Every line below from the one containing "Yang baru-baru ini" through the one containing "Hyundai Genesis 2015 — фото 14" is to be printed exactly, with the pictures omitted.

Supplied entries
--------------------------------
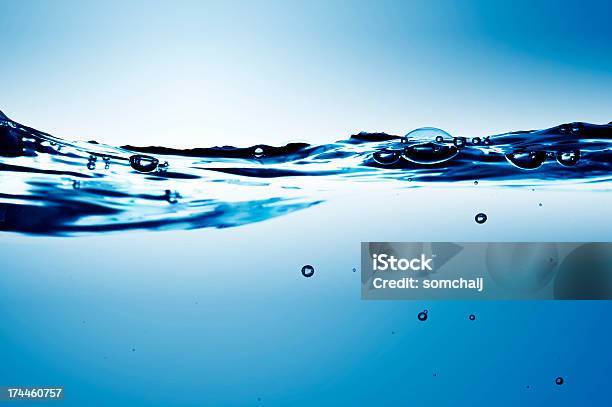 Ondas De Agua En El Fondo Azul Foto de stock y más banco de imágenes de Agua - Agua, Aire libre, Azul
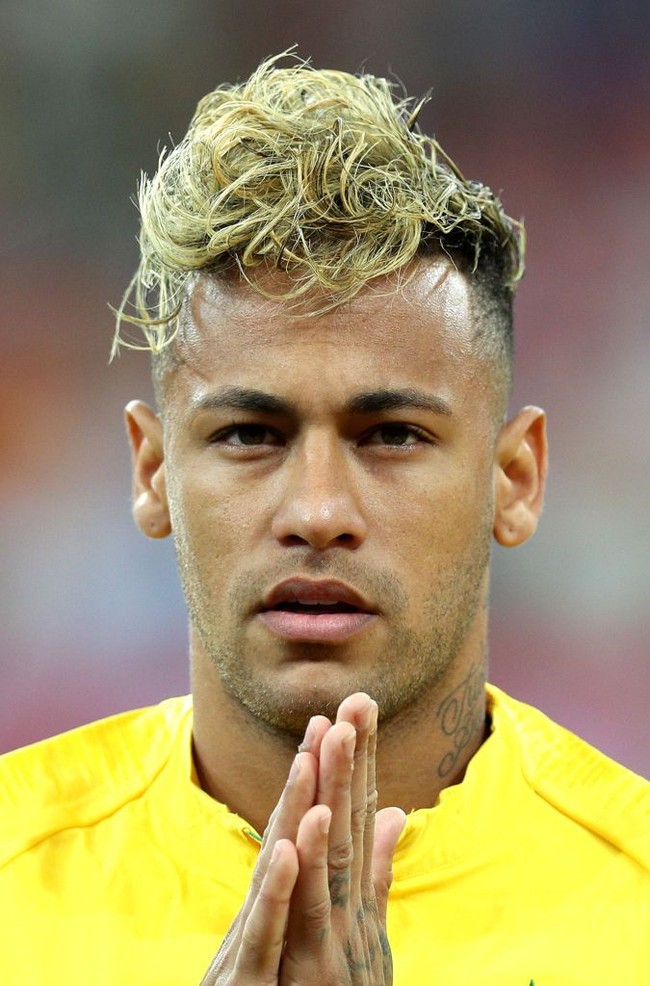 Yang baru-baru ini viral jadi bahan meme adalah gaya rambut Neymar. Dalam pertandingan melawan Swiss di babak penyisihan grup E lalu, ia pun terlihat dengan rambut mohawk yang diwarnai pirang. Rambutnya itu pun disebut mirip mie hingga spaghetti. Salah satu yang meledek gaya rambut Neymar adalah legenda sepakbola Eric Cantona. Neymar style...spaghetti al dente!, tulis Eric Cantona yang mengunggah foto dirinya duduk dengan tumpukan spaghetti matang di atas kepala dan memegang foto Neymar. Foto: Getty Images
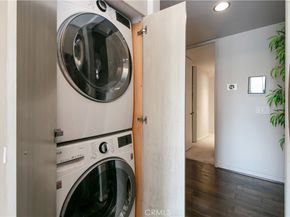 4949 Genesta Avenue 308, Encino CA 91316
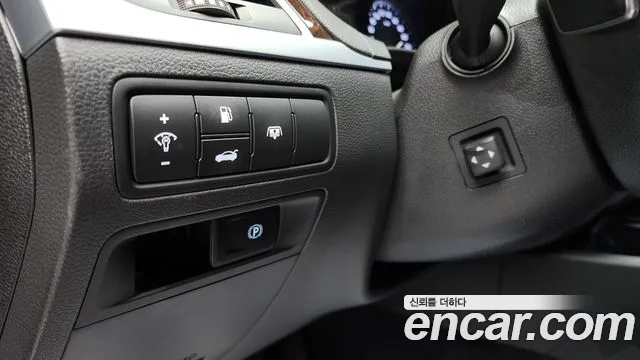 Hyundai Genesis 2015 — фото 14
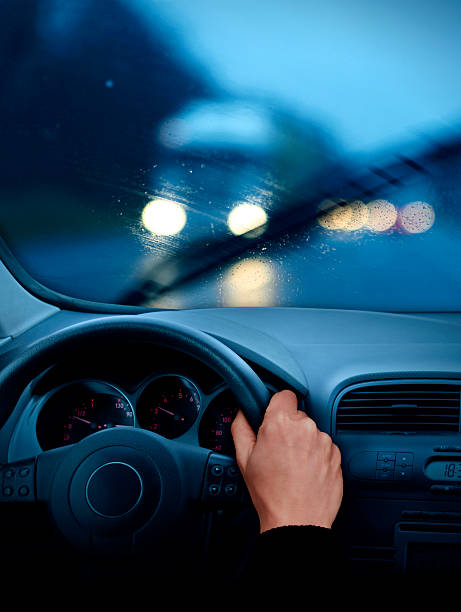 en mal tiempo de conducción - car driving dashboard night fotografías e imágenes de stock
--------------------------------
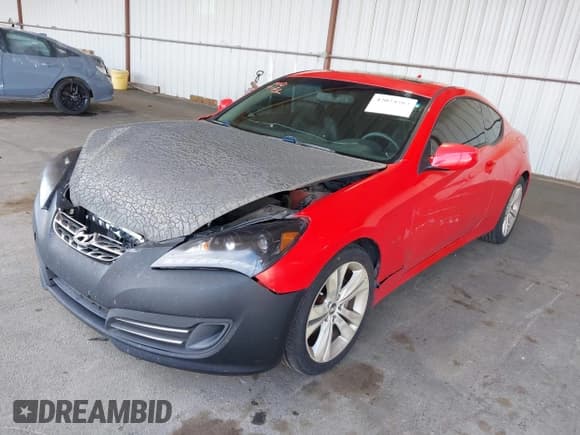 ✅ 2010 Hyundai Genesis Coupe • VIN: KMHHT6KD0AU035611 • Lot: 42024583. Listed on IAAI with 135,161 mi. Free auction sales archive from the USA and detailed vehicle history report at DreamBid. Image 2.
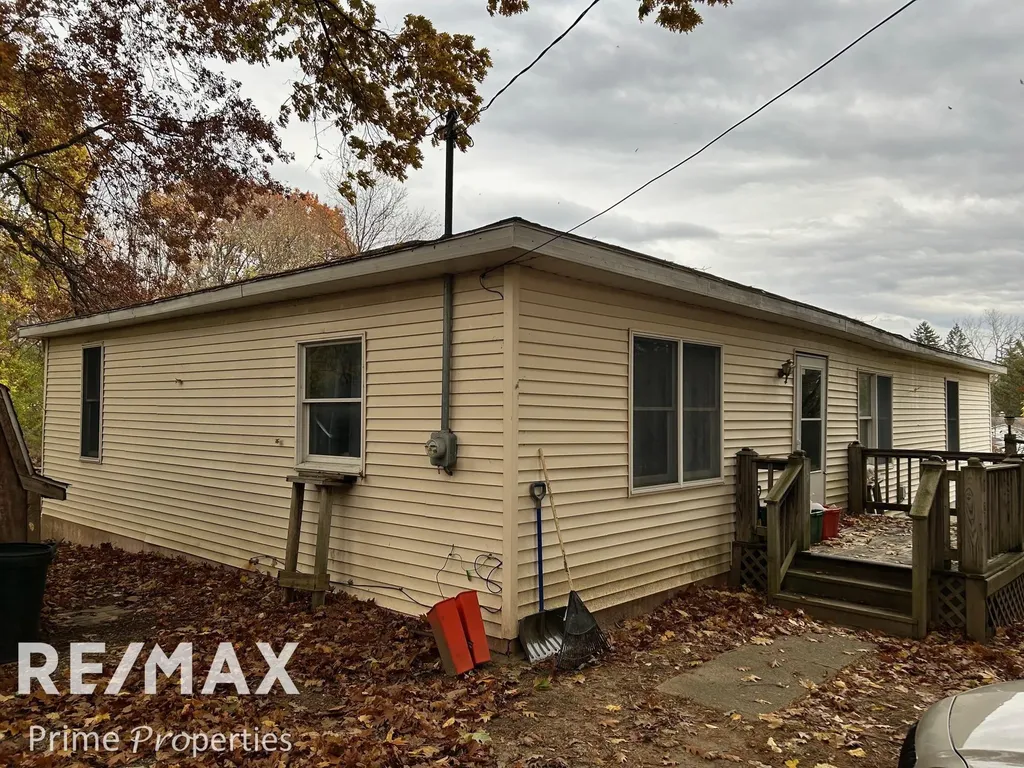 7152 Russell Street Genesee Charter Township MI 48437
--------------------------------
Answer section
 Yang baru-baru ini viral jadi bahan meme adalah gaya rambut Neymar. Dalam pertandingan melawan Swiss di babak penyisihan grup E lalu, ia pun terlihat dengan rambut mohawk yang diwarnai pirang. Rambutnya itu pun disebut mirip mie hingga spaghetti. Salah satu yang meledek gaya rambut Neymar adalah legenda sepakbola Eric Cantona. Neymar style...spaghetti al dente!, tulis Eric Cantona yang mengunggah foto dirinya duduk dengan tumpukan spaghetti matang di atas kepala dan memegang foto Neymar. Foto: Getty Images
 4949 Genesta Avenue 308, Encino CA 91316
 Hyundai Genesis 2015 — фото 14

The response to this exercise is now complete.